We waited at the road for our ride to finish off his hike. Thankfully he arrived only about 10 minutes after us. It was about a 5 mile drive and we were all starving so we went in and ordered very quickly. I stuffed myself (burger, dinner sized salad, and chocolate cake). It was definitely better than the Spanish Rice Pasta side I was planning to have for dinner.

We had another 1.8 miles to do after dinner that were made very tough by the totally full stomach, but we were happy to not have to make dinner.

5/14 Tentsite to Rockfish Gap (17.4 miles)

This was the first time in a few weeks that we woke up to a sunny day. It was a nice change from the last two weeks. We got moving pretty quickly this morning since it was supposed to rain in the afternoon. We were treated to some pretty great views in the early morning, despite not having to climb to much.
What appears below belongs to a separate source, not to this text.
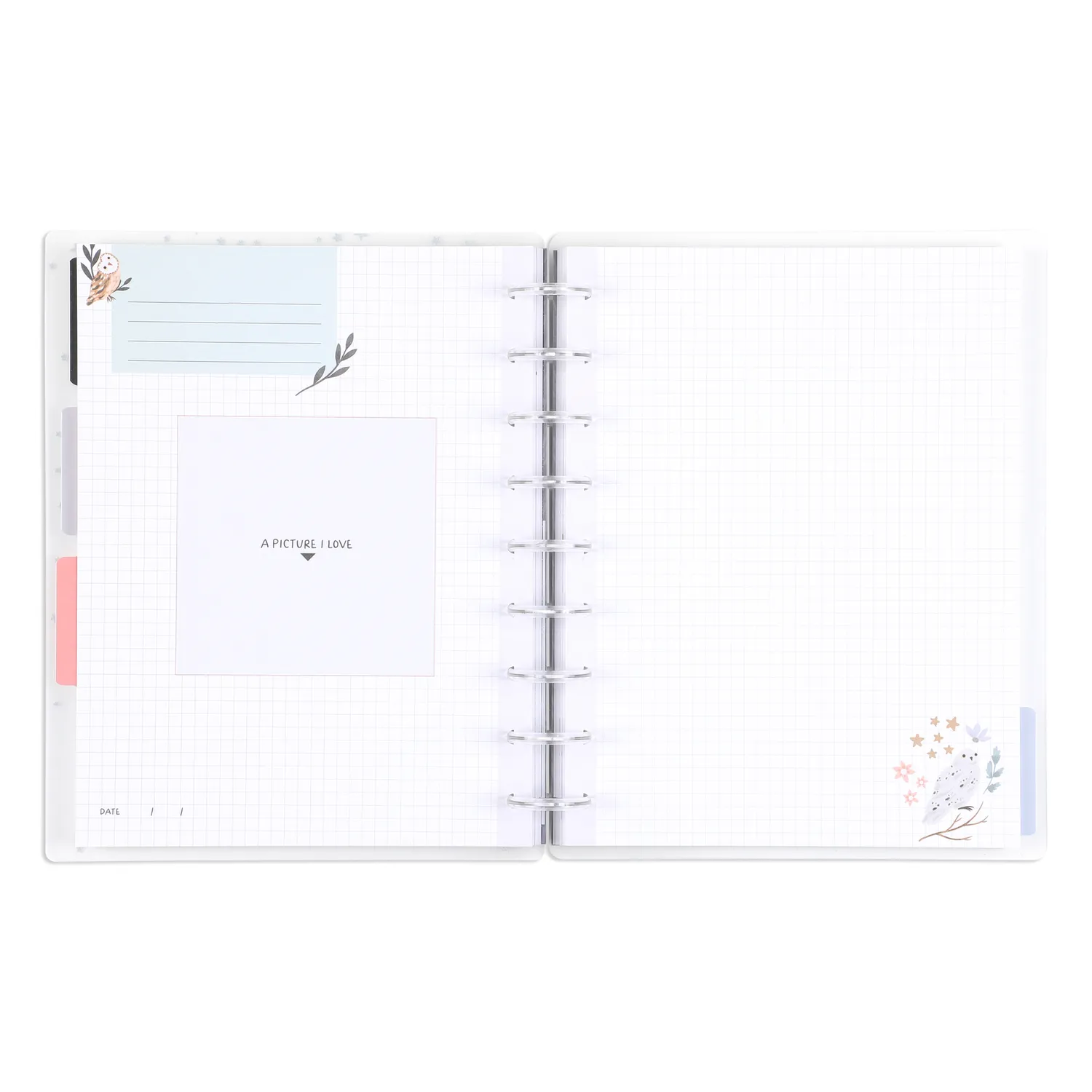 Happy Planner Little Love Baby journal photo Classic 80 pages bébé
That was a welcome change from the last few days.


We did the first 12 miles before lunch. We were all able to keep up with the faster pace thanks to the easier terrain, nice weather, and promise of a good bed to sleep in tonight. Garfield and I also created a “Stitch Sandwich” making sure she stayed between us and didn’t fall too far behind. She humored us for most of the day and was a really good sport about it. I also learned about Garfield’s favorite video game, Monster Hunters.

Bevo got way ahead of us after lunch, but the three of us enjoyed great conversation and laughs until it started raining on us about 1/2 a mile from the parking lot we were getting picked up at. By the time we got to the parking lot it was raining pretty hard with strong winds and the trail was already turning into a stream. Thankfully we got to an overhang where we stayed mostly dry before Bevo’s friends could pick us up.

Bevo’s friends (whose daughter he took to prom) were incredibly nice and generous people. Not only did they open up their home to all 4 of us smelly hikers, but they also put together a wonderful dinner with dessert. They introduced me to a game, Table Topics, which is just a bunch of questions about life and a persons background. We took pictures of a few of the good ones to use as conversation topics on the trail.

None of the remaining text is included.